Yes! She had tried to fight for the boy she loved, but without success.

And so she concluded her announcement, with these words spoken as much, I thought, to assuage her broken heart, as to inform us of her reconciliation to the “break-up.”

“No matter what, I always have the memory of our love.”

What????…  Is this our six year old daughter talking? Has she been reading Tennyson’s In Memoriam:27…?

I hold it true, whate’er befall;
I feel it, when I sorrow most;
‘Tis better to have loved and lost
Than never to have loved at all.

Four years after our first back-to-school night, when our son was in kindergarten, it wasn’t the teacher who called our attention to his romantic interests. No; it was the parents of the object of his affections.

No. They did not appreciate the bubble-gum machine toy ring he had offered their daughter. No. They did not want their daughter considering marrying him: yes, no, or maybe. In fact, they would appreciate our son having nothing more to do with their daughter than was absolutely necessary in school.

What???? ….If the girl’s parents’ concerns were rational, then, apparently, there was something wrong with our reactions when our son shared with us his intentions. We admired that our son had used his accumulated change to get a ring, and applauded his ingenuity to print—all on his own, which pleasantly surprised us—a “Dear So-and-So. Will you marry me?” The question was followed, below, by 3 vertical boxes, marked “Yes,” “ No,” and “Maybe.” (Couldn’t her parents at least have given him credit for making her responding to his question easy?)

And who was this beauty who captivated his young heart? A tomboy, whose appeal, according to the reasons he gave for what attracted him included how fast she ran—even faster than he did, how hard she kicked a soccer ball, how really far she batted a baseball, how accurately she could throw a ball, and–most importantly!—how she always wore a baseball cap—backwards.

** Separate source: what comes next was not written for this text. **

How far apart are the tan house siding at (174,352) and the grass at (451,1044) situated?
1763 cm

His love for her, and the idea that they should marry, had been sealed, I supposed, when they served as Mr. and Mrs. Santa Claus in the kindergarten December assembly.

Of course, we kept our “What????” thoughts to ourselves, instructing our son to keep his distance, out of school, from his best buddy. Never again was he to offer her a ring. He promised, content they still would play in gym, confident that she would continue wearing a baseball cap.

When I thought about the list of how-many reasons he gave for wanting to marry his athlete-buddy, a list that he had rattled off for loving her, I thought of Browning’s 43rd Sonnet:

How do I love thee? Let me count the ways.
I love thee to the depth and breadth and height
My soul can reach, when feeling out of sight
For the ends of being and ideal grace.
I love thee to the level of every day’s
Most quiet need, by sun and candle-light.
I love thee freely, as men strive for right.
I love thee purely, as they turn from praise.
I love thee with the passion put to use
In my old griefs, and with my childhood’s faith.
I love thee with a love I seemed to lose
With my lost saints. I love thee with the breath,
Smiles, tears, of all my life; and, if God choose,
I shall but love thee better after death.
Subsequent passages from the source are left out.